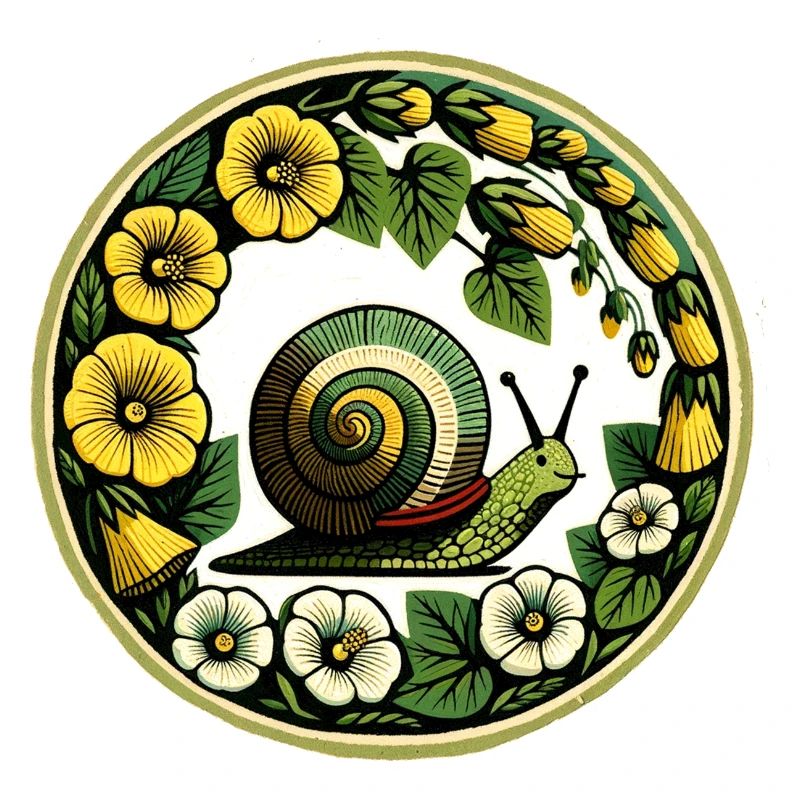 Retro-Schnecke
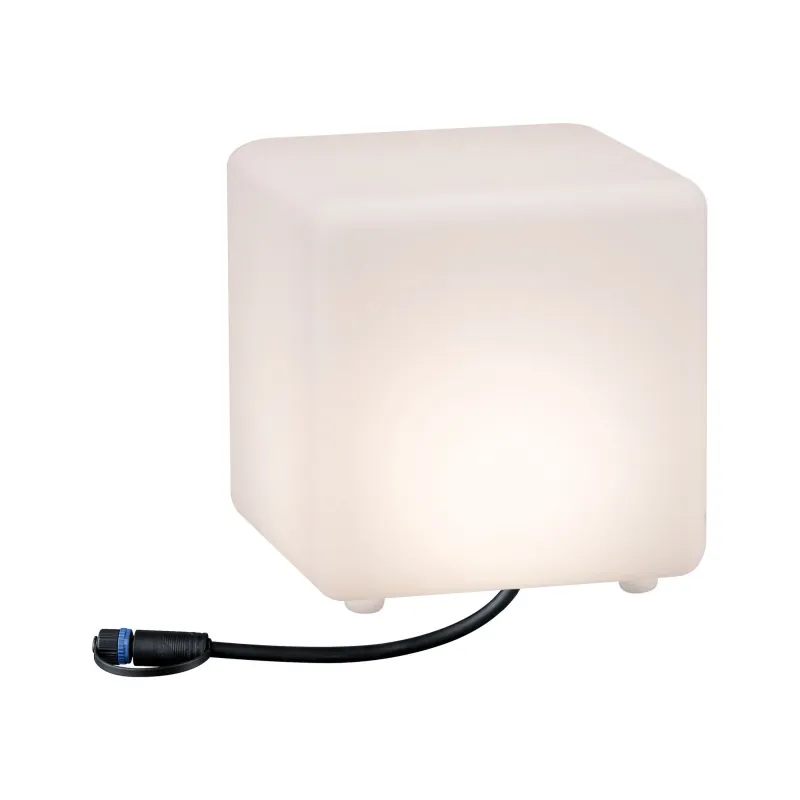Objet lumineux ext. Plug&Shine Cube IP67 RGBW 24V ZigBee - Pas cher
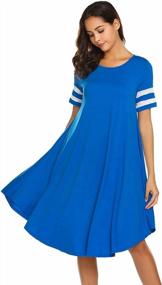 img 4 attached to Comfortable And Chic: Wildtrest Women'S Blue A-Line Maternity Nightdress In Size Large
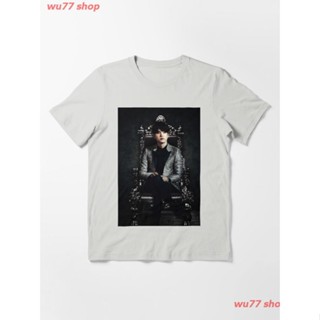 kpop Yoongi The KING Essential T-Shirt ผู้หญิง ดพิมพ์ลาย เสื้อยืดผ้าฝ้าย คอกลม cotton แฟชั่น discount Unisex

····················

### WHAT YOU SHOULD DO:
For the material above, repeat each line exactly and leave out the pictures.

### WRITTEN REPLY:
 Retro-Schnecke
Objet lumineux ext. Plug&Shine Cube IP67 RGBW 24V ZigBee - Pas cher
 img 4 attached to Comfortable And Chic: Wildtrest Women'S Blue A-Line Maternity Nightdress In Size Large
 kpop Yoongi The KING Essential T-Shirt ผู้หญิง ดพิมพ์ลาย เสื้อยืดผ้าฝ้าย คอกลม cotton แฟชั่น discount Unisex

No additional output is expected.